■ WHAT IS BEING ASKED
Copy the data precisely, character for character, and leave out every picture.

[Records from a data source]
● ● ●
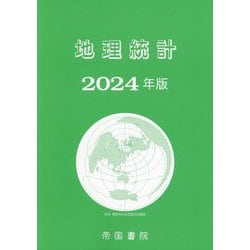 地理統計〈2024年版〉 [単行本]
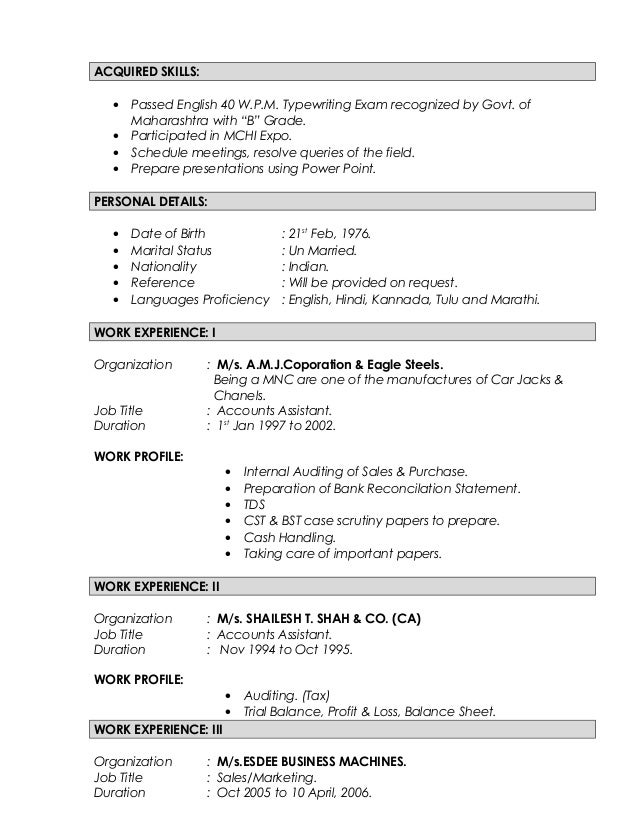 resume triveni acquired skills resumes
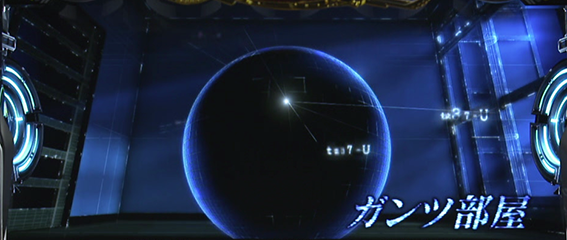 ガンツ極のガンツ部屋の背景の色1
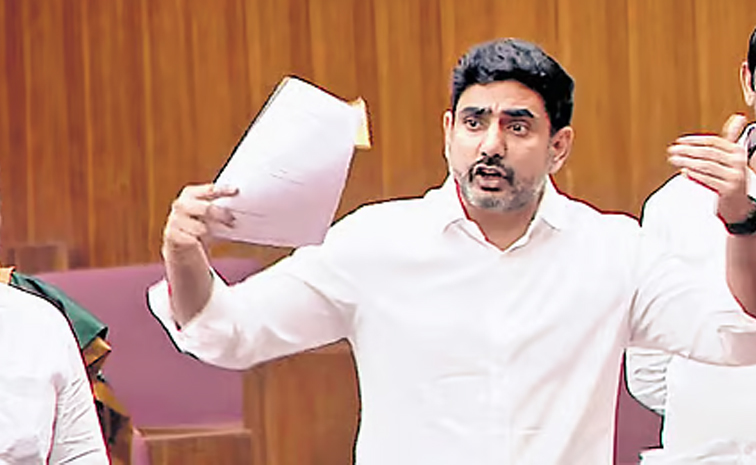 Nara_Lokesh_Latest_News.jpg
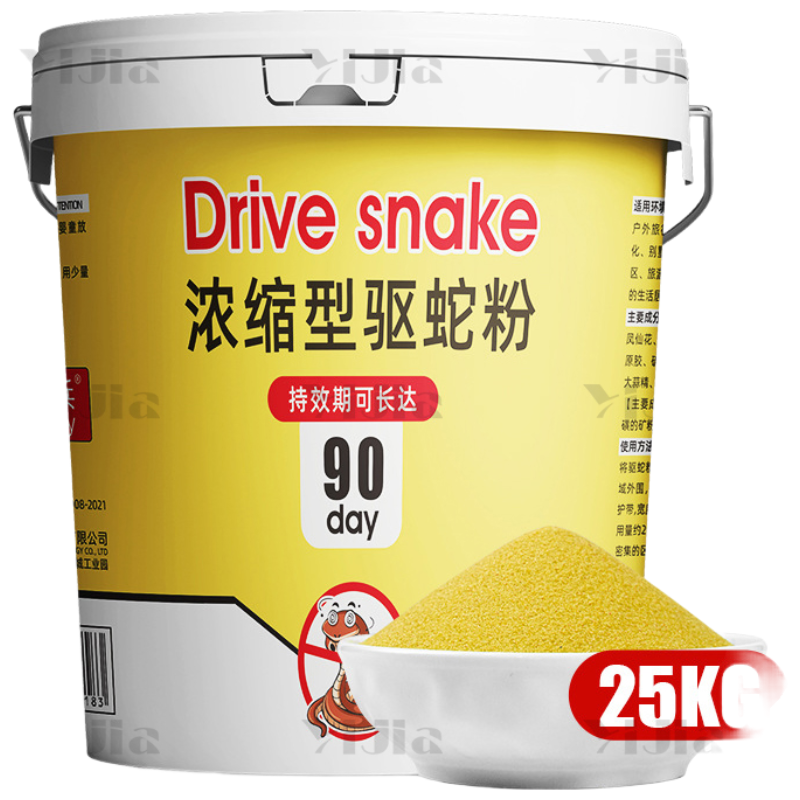 翌嘉 YJ40627005长效驱蛇粉防雨户外防蛇粉硫黄驱蛇粉50斤桶装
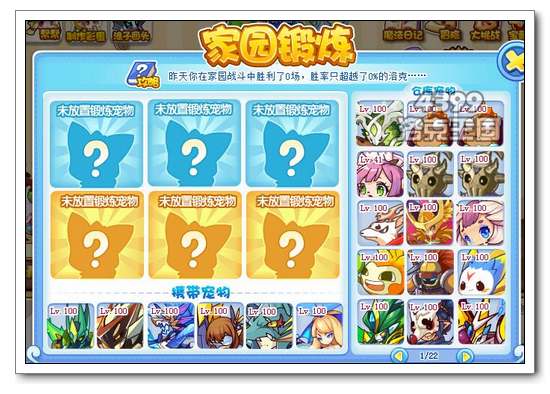 diablofans游戏攻略
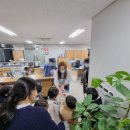 삼육라이튼어린이집 이미지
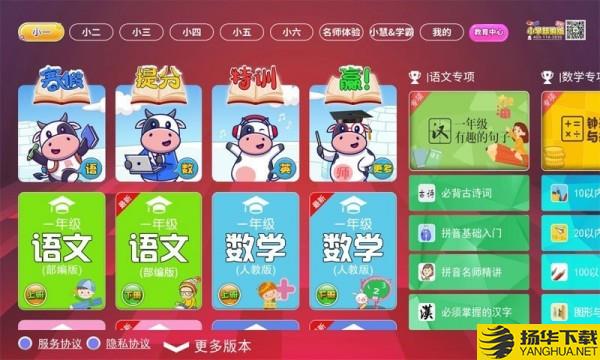 小学语文部编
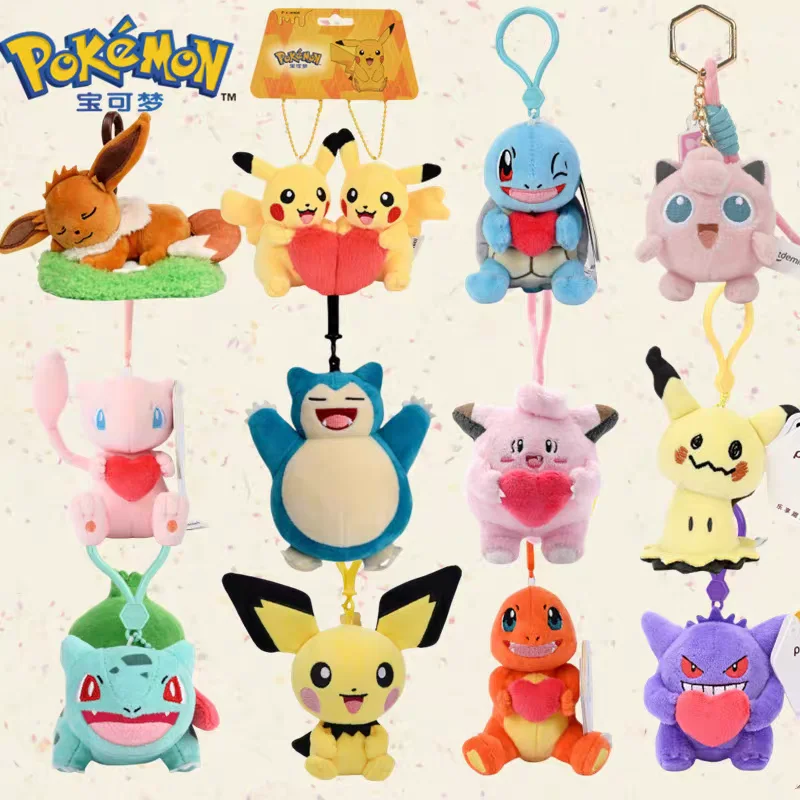 Pokemon Pikachu Mew Squirtle Eevee Charmander Kawaii Plush Toy Pendant Stuffed Animals Backpack Pendant Key Ring Small Doll Gift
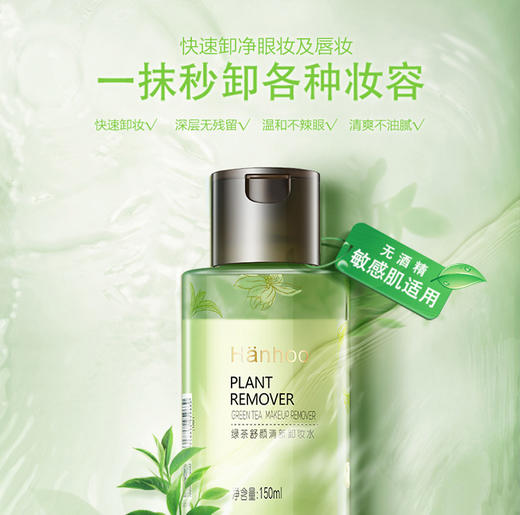 韩后绿茶舒颜清新卸妆水150mlJPY带授权招加盟代理 商品图1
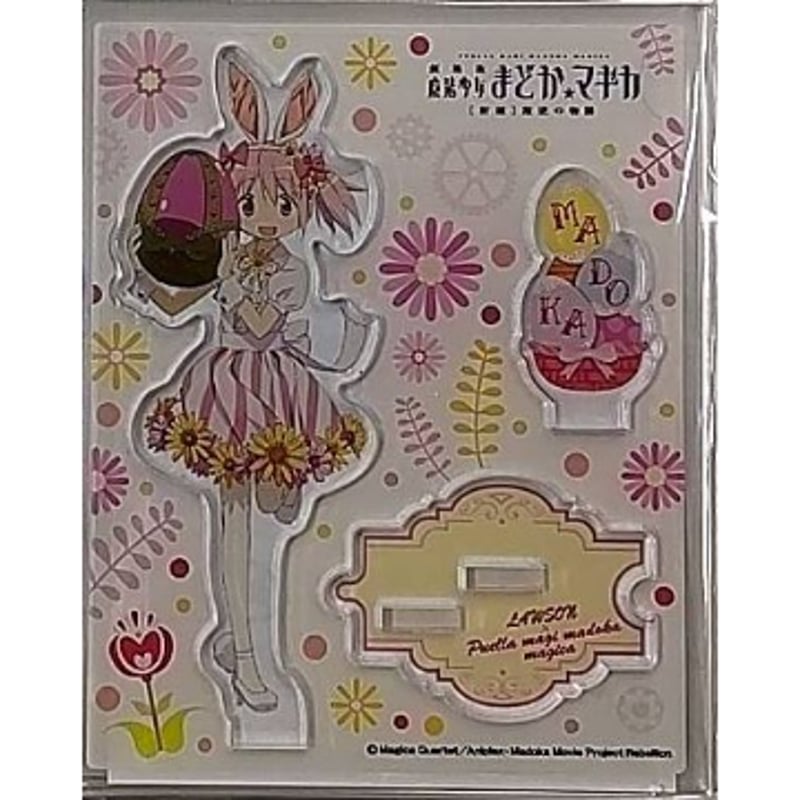 まどマギ 鹿目まどか アクリルスタンド まどマギ 鹿目まどか C89 コミケ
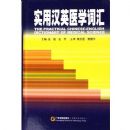 ʵ�ú�Ӣҽѧ�ʻ�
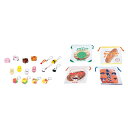 販促品 ガチャガチャ 【送料無料】 ガチャMIX 男女兼用50個 ガチャガチャ 販促品 ガチャガチャ 12000円 人気 10000円台 敬老会 プレゼント イ...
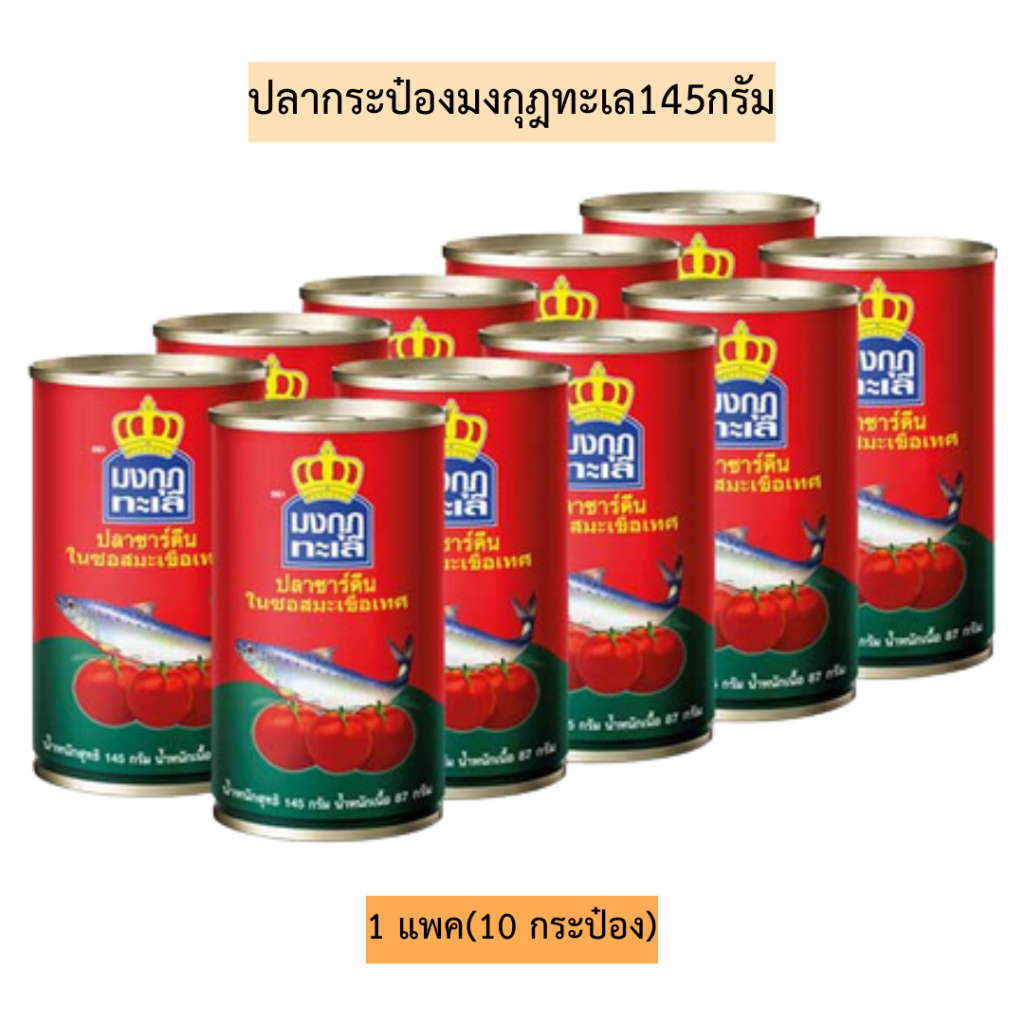 (ยกลัง)ปลากระป๋องมงกุฎทะเล145กรัม💛 1ลังมี10แพค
● ● ●
■ ANSWER
 地理統計〈2024年版〉 [単行本]
 resume triveni acquired skills resumes
 ガンツ極のガンツ部屋の背景の色1
 Nara_Lokesh_Latest_News.jpg
 翌嘉 YJ40627005长效驱蛇粉防雨户外防蛇粉硫黄驱蛇粉50斤桶装
 diablofans游戏攻略
 삼육라이튼어린이집 이미지
 小学语文部编
 Pokemon Pikachu Mew Squirtle Eevee Charmander Kawaii Plush Toy Pendant Stuffed Animals Backpack Pendant Key Ring Small Doll Gift
 韩后绿茶舒颜清新卸妆水150mlJPY带授权招加盟代理 商品图1
 まどマギ 鹿目まどか アクリルスタンド まどマギ 鹿目まどか C89 コミケ
 ʵ�ú�Ӣҽѧ�ʻ�
 販促品 ガチャガチャ 【送料無料】 ガチャMIX 男女兼用50個 ガチャガチャ 販促品 ガチャガチャ 12000円 人気 10000円台 敬老会 プレゼント イ...
 (ยกลัง)ปลากระป๋องมงกุฎทะเล145กรัม💛 1ลังมี10แพค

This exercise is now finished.